David P. Barash, a reviewer for the Wall Street Journal, acknowledged Forth as a highly reputable scholar and scrupulous researcher who spent more than four years on Flores over numerous field trips. Barash observed that claims about the lai ho'a are rendered more credible than reports of creatures like Sasquatch or Yeti by the existence of genuine fossil antecedents on the island. However, Barash argued that Forth presents no conclusive evidence that descendants of Homo floresiensis currently exist, and that instead of making a direct case for contemporary hobbits, the author takes "a deep dive into Lio beliefs about the lai ho'a in myth, legend, religion and rumor." He found that while many sightings occurred at night or in conditions of limited visibility, Forth nonetheless concluded that most people who think they witnessed something have actually witnessed it.

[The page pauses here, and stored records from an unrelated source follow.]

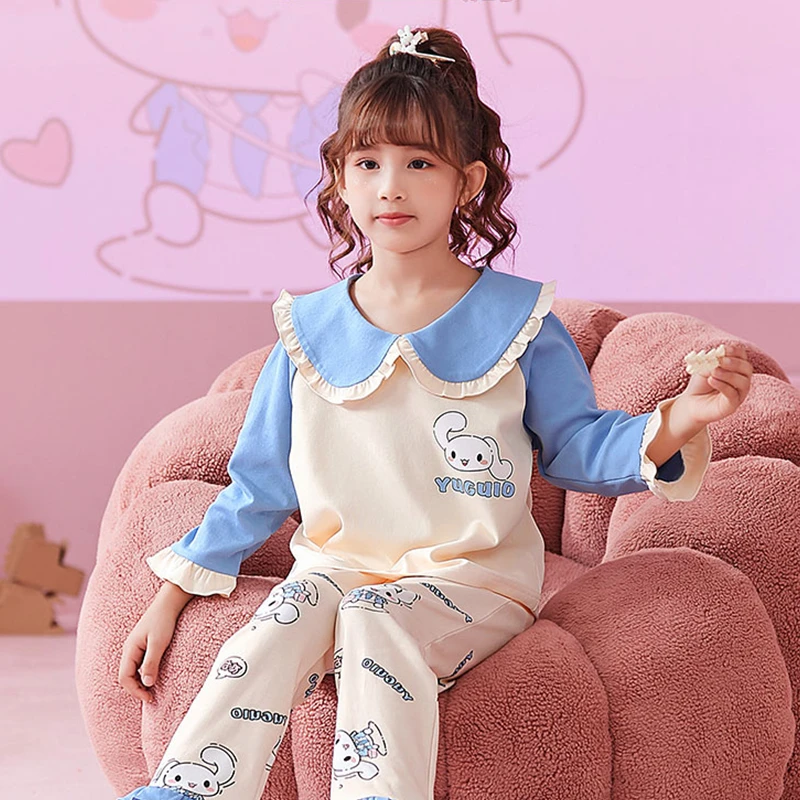 女童睡衣2025春秋季新款儿童时尚洋气可爱甜美舒适家居服套装潮流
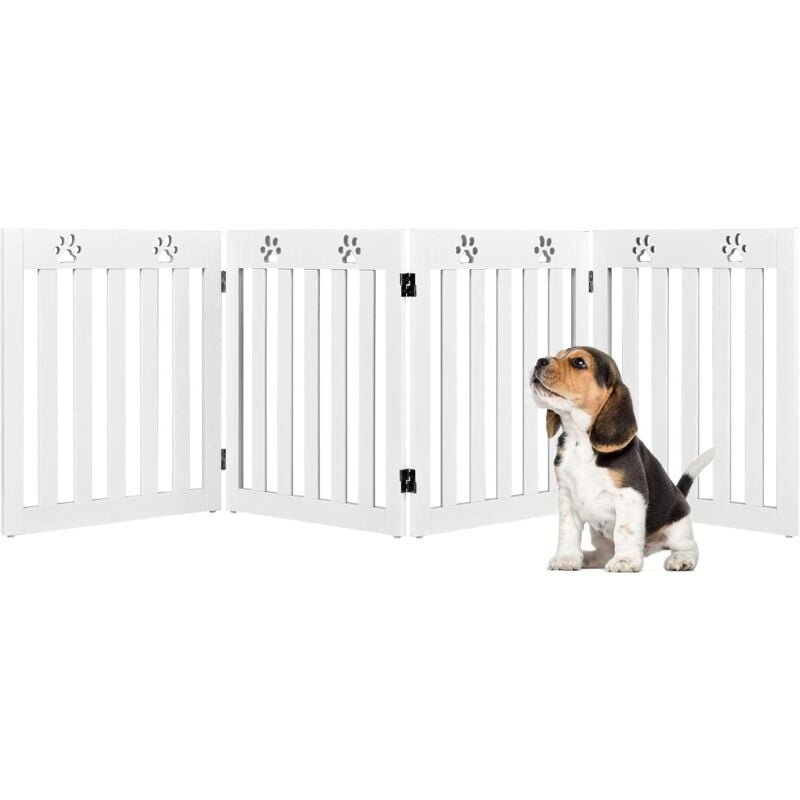 foto del prodotto costway cancelletto di sicurezza pieghevole, barriera per animali domestici, in legno, 4 pannelli, 203 x 60 x 1,5 cm bianco 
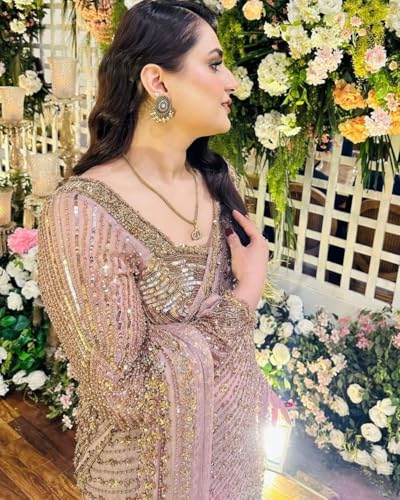 Image of Women Butterfly Net Saree with Sequins Embellished Work and Designer Unstitched Blouse and Premium Saree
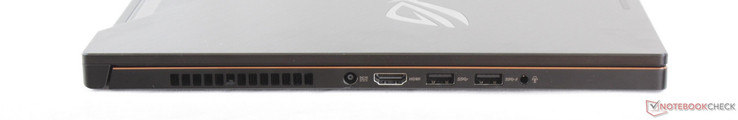 Côté gauche : entrée secteur, HDMI 2.0, 2 USB 3.0, écouteurs 3,5 mm.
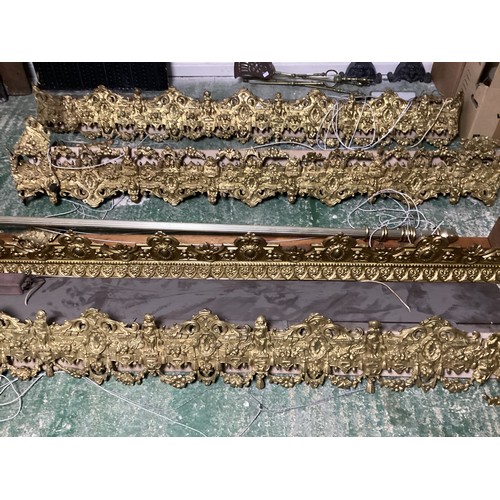 168 - A quantity of decorative brass curtain pelmets cleared from the main drawing room at 86 Eaton Square... 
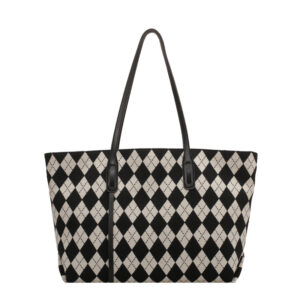 Fashion Shoulder Bag With Rhombus Print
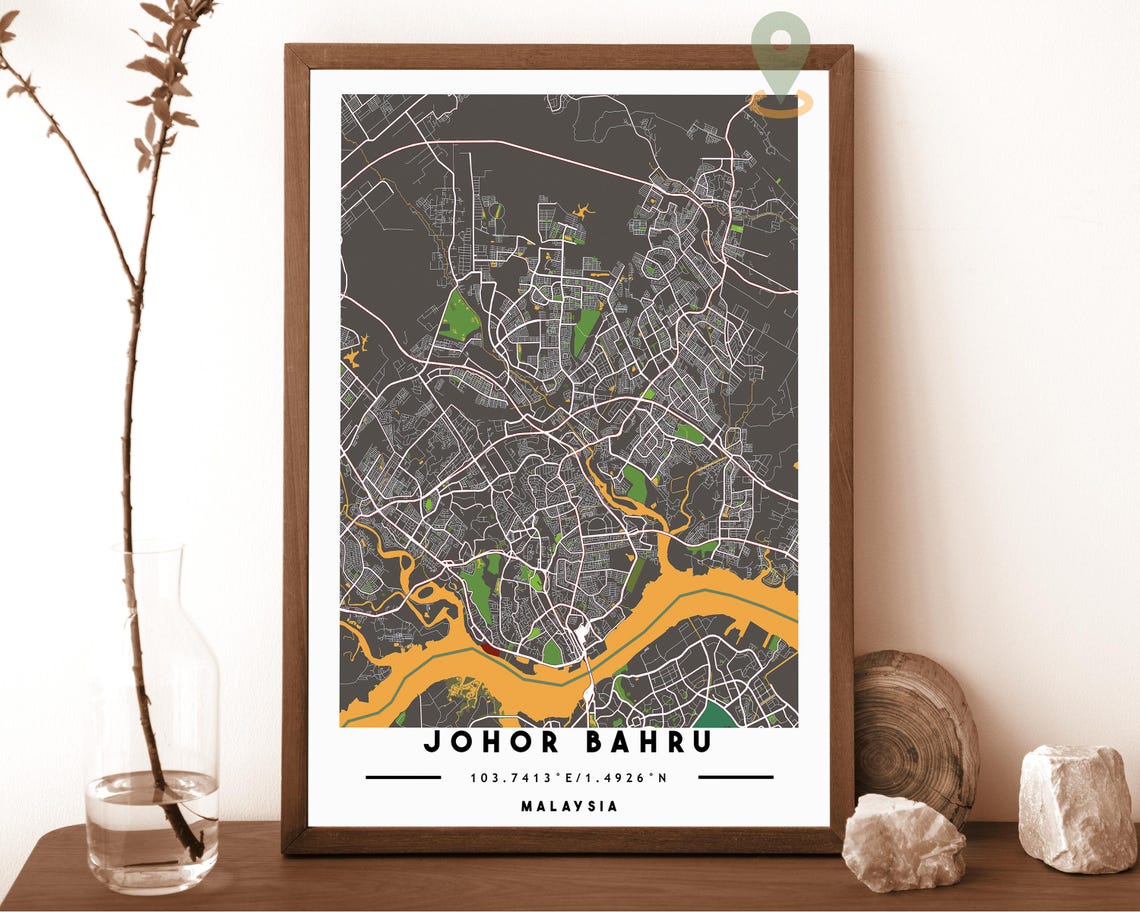 Johor Bahru Malaysia City Street Map Teal Orange Poster Decor - Image 2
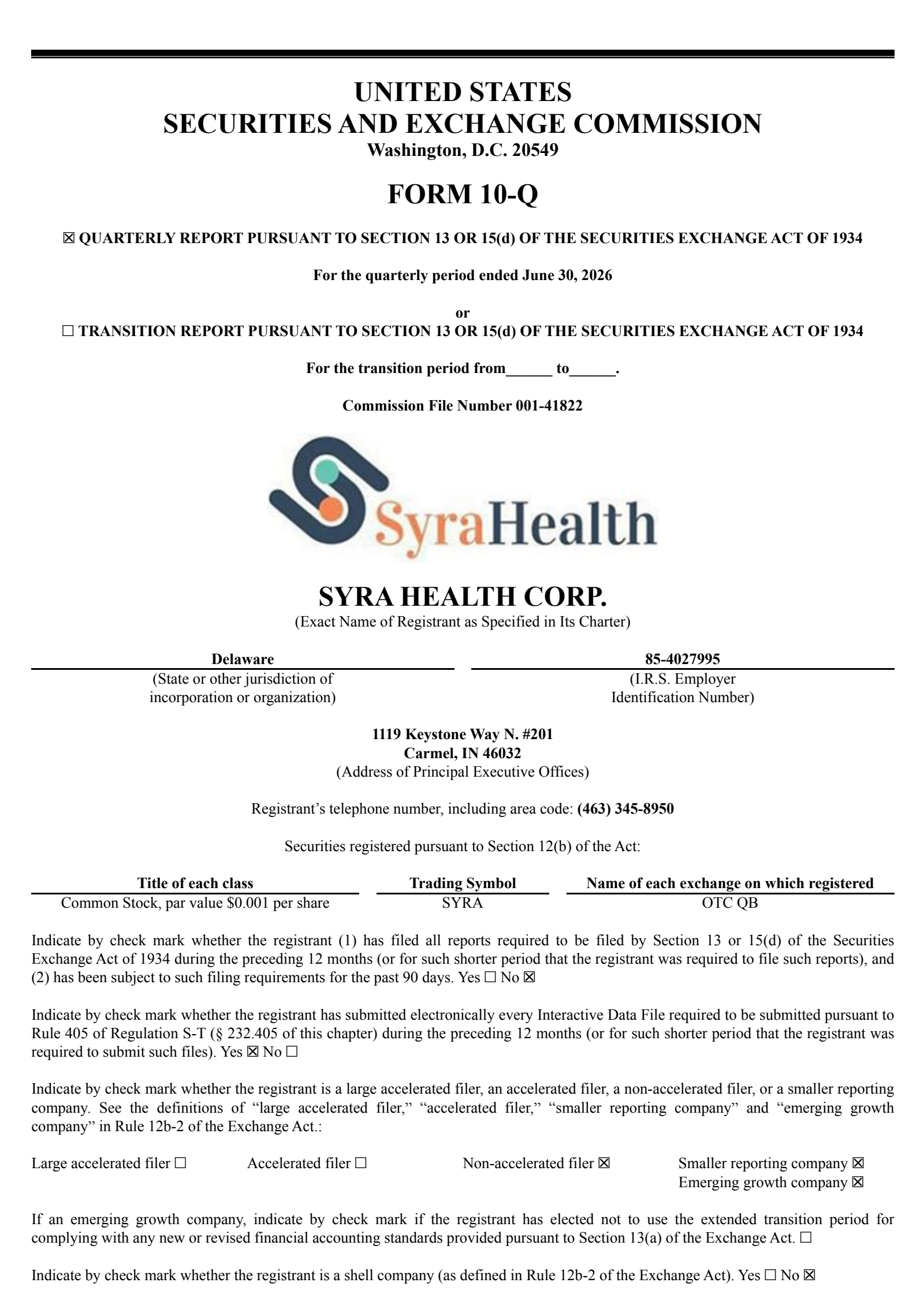 Syra Health's Q2 2026 Quarterly report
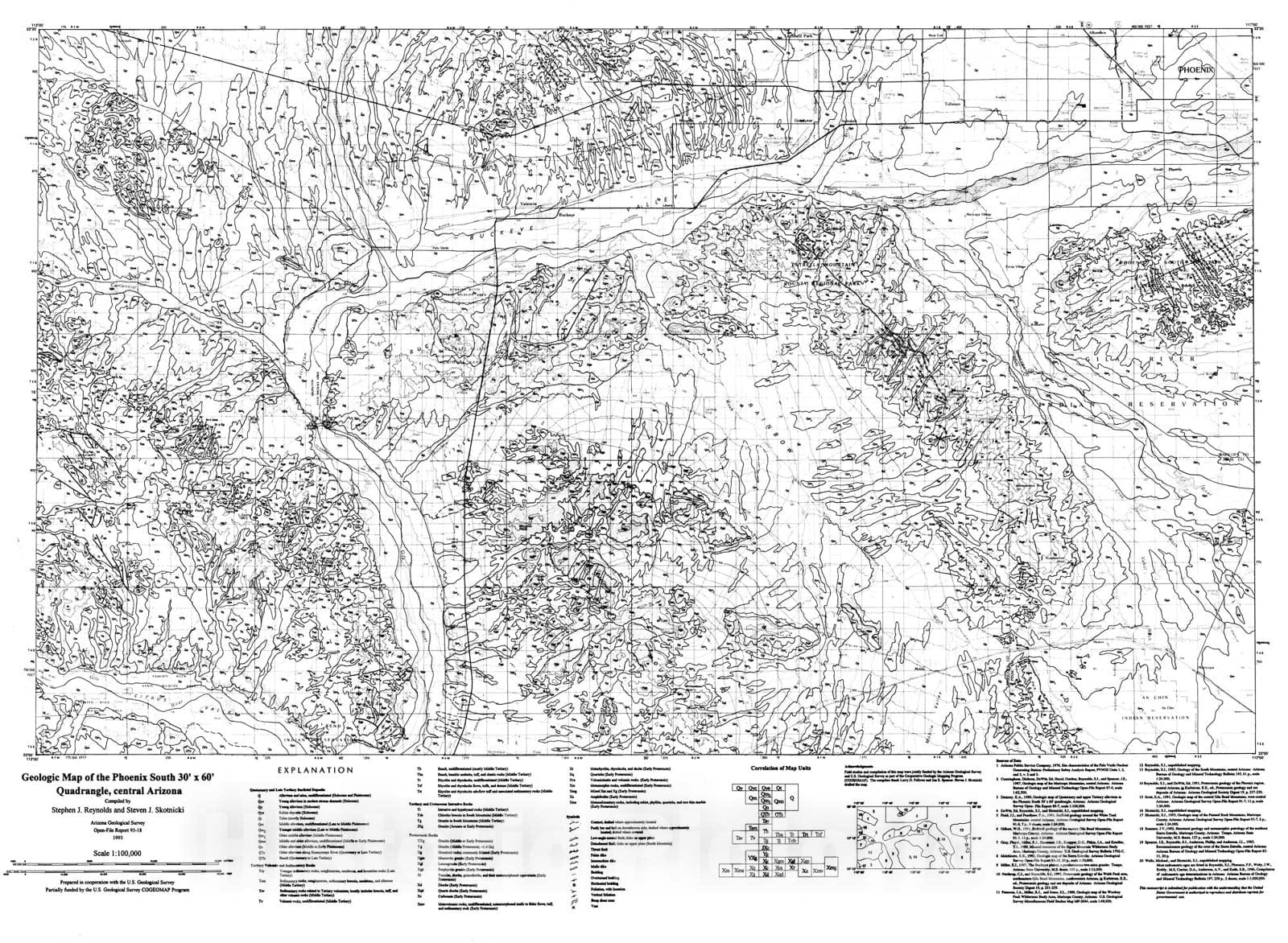 Map : Geologic map of the Phoenix South 30' x 60' quadrangle, central Arizona, 1993 Cartography Wall Art :
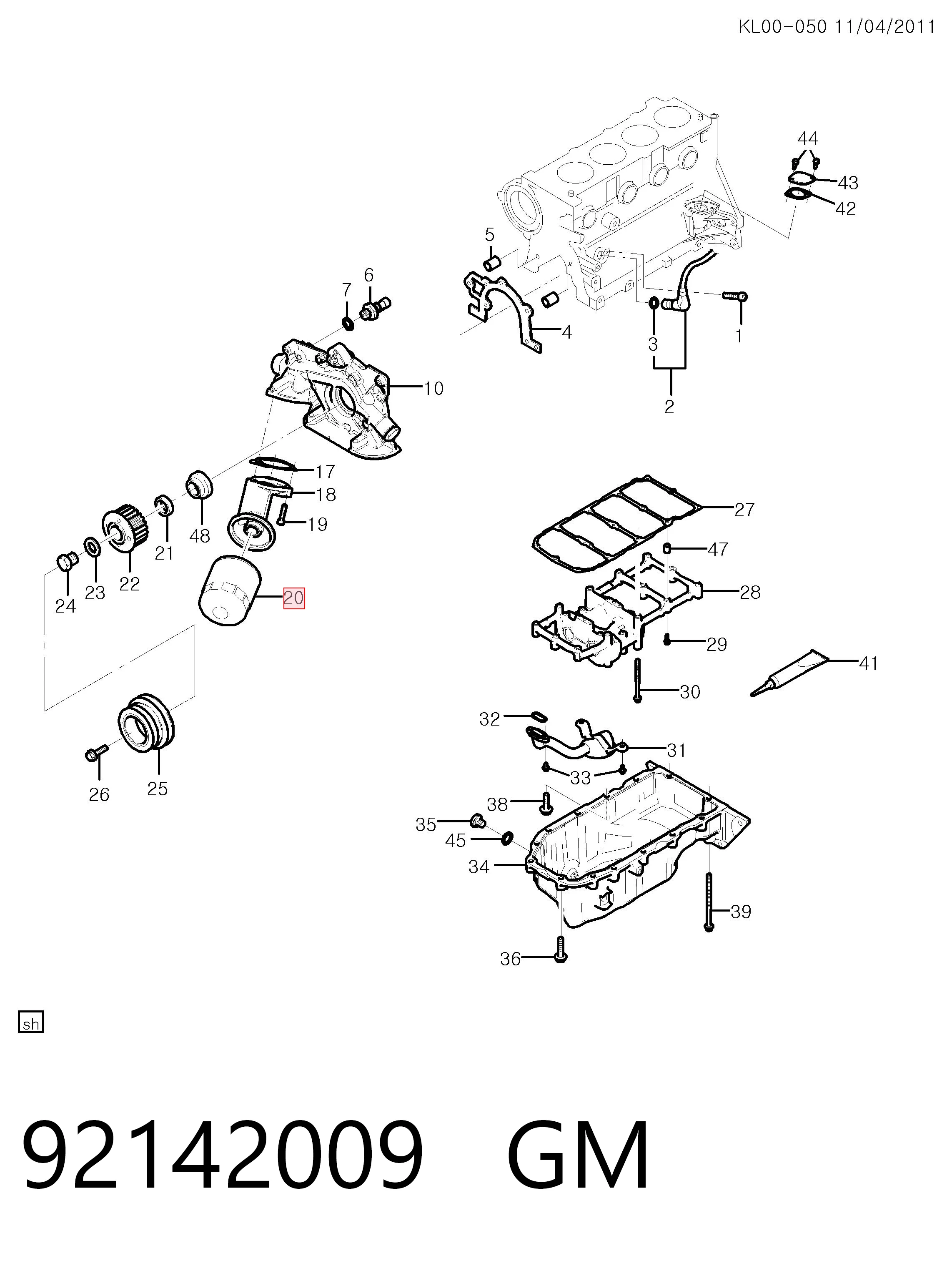 Фильтр масляный GM 92142009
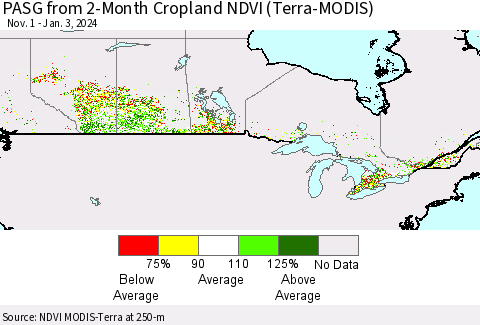 Canada PASG from 2-Month Cropland NDVI (Terra-MODIS) Thematic Map For 12/27/2023 - 1/3/2024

Jeffery Meldrum described the work as an important contribution to navigating the relationship between palaeontological and ethnographic evidence. He emphasized that Forth's proposal about the possible existence of relict hominoids preceded the announcement of Homo floresiensis by several years, lending the work a prophetic quality. Meldrum praised the author for providing a replete enumeration of correlations between contemporary ape-man descriptions and the physical and behavioral attributes of the fossil hominin, and for explicitly questioning the dismissal of these similarities as merely coincidental.

In her review for Forbes, Rebecca Coffey found the book fascinating and recommended it as an adventure read.